In the records below, begin at the line containing "1-15300421-0 Injecteur de" and end at the line containing "Dicota Eco Multi"; quote every line in that span exactly, including both boundary lines, and no others.

- [ENTRIES SHOWN]
'''
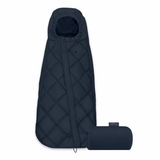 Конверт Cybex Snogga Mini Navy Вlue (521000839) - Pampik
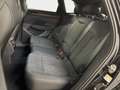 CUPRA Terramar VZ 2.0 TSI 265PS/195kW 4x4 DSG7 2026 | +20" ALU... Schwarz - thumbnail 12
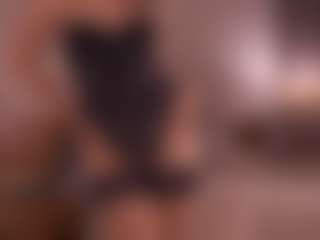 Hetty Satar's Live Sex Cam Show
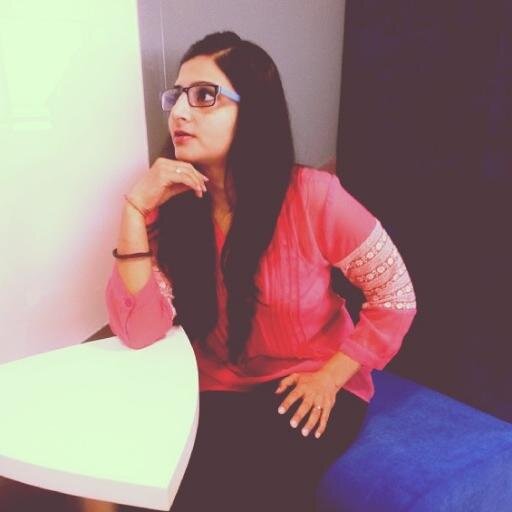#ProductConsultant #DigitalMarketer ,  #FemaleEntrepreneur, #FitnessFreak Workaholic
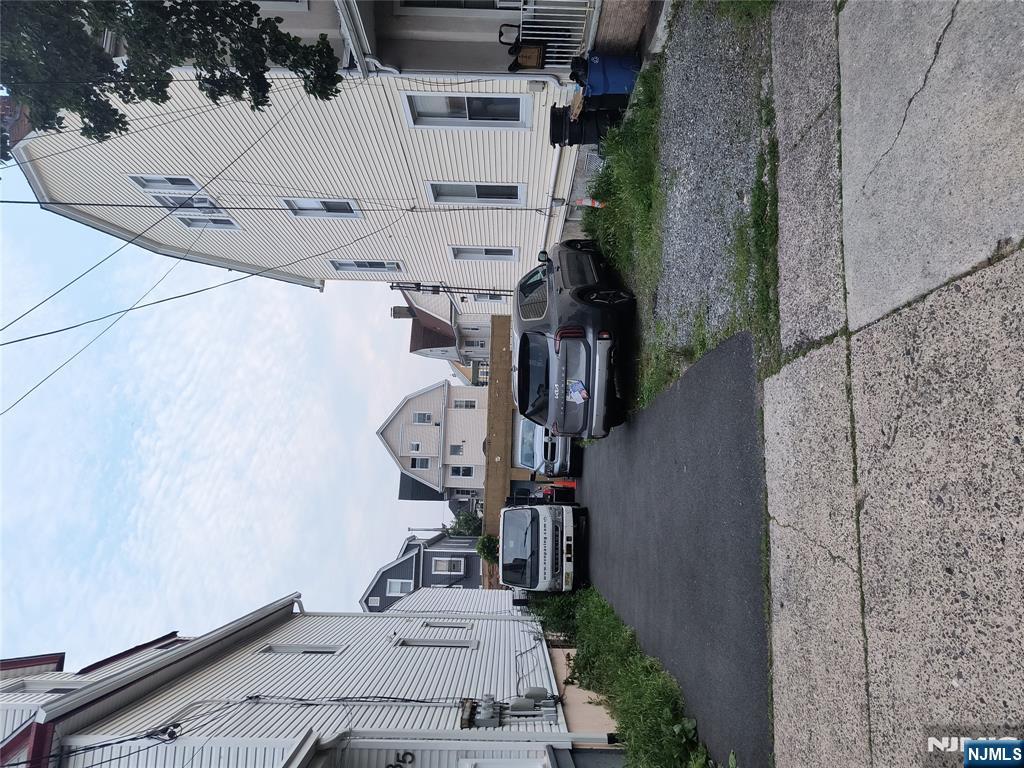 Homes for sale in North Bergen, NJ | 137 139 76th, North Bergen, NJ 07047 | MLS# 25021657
'''
'''
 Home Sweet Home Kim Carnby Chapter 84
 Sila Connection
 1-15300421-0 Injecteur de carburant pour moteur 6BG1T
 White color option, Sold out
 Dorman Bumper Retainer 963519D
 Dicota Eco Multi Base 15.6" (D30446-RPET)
'''
'''
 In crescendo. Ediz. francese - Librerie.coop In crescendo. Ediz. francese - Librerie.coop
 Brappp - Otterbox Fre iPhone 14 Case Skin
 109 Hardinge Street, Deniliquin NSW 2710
'''
- [RESULT BELOW]
 1-15300421-0 Injecteur de carburant pour moteur 6BG1T
 White color option, Sold out
 Dorman Bumper Retainer 963519D
 Dicota Eco Multi Base 15.6" (D30446-RPET)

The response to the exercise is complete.